Изменить стиль страницы

Вот почему в работах, посвященных действию удобрений, которые выходили из-под его пера, мы неизменно обнаруживаем не только живой интерес естествоиспытателя, но и широчайшие обобщения практика-агронома. Поэтому-то и сами опыты никогда не исчерпывались первым лабораторным результатом и академической его публикацией. Из сосудов с водными растворами химикалиев растения перекочевывали на экспериментальные делянки, а отсюда перешагивали на опытные поля.
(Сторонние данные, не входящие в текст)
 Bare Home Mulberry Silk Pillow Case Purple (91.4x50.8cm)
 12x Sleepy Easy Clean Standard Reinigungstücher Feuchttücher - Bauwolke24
Прянишников отрабатывал и популяризировал не отдельные приемы использования тех или иных удобрительных средств и повышения урожайности отдельных сельскохозяйственных культур — он вырабатывал стратегию химизации, создавал широчайшего смысла учение плодородия, которое заключало в себе не набор отдельных «отмычек», а ключ к пониманию основных процессов, от управления которыми зависит благоденствие населения планеты.

Вот, в сущности, кем был этот приветливый осанистый бородач с широким русским лицом, совершавший ежедневные путешествия от уютного домика в заросшем саду до каменного крылечка лаборатории и обратно: смелым, строгим, глубоким социальным мыслителем, мечтателем, гуманистом. Наблюдая жизнь корней подопытных ростков в стеклянных сосудах, он размышлял над грядущими судьбами древнейшего искусства выращивания злаков и плодов, которому предстоял невиданный расцвет на новой научной основе. Он вспоминал вспыхивавшие на небосклоне истории могучие цивилизации, исчерпавшие свою силу в плодородных долинах великих восточных рек и на плоскогорьях Анд. Цивилизации, погубленные неразрешимыми для них социальными противоречиями и необратимым — на уровне того времени — истощением земли. Он мечтал о земледельце будущего, владеющем секретом не только неиссякаемого, но более того — возрастающего плодородия. Именно этими победными знаниями он готовился его вооружить.

Но главное было еще впереди. Научное имя Дмитрия Николаевича Прянишникова с каждым годом становилось весомее и авторитетнее. Но подлинное признание его научных идей, опережавших время, могло прийти только с победой общественного строя, способного их осуществлять.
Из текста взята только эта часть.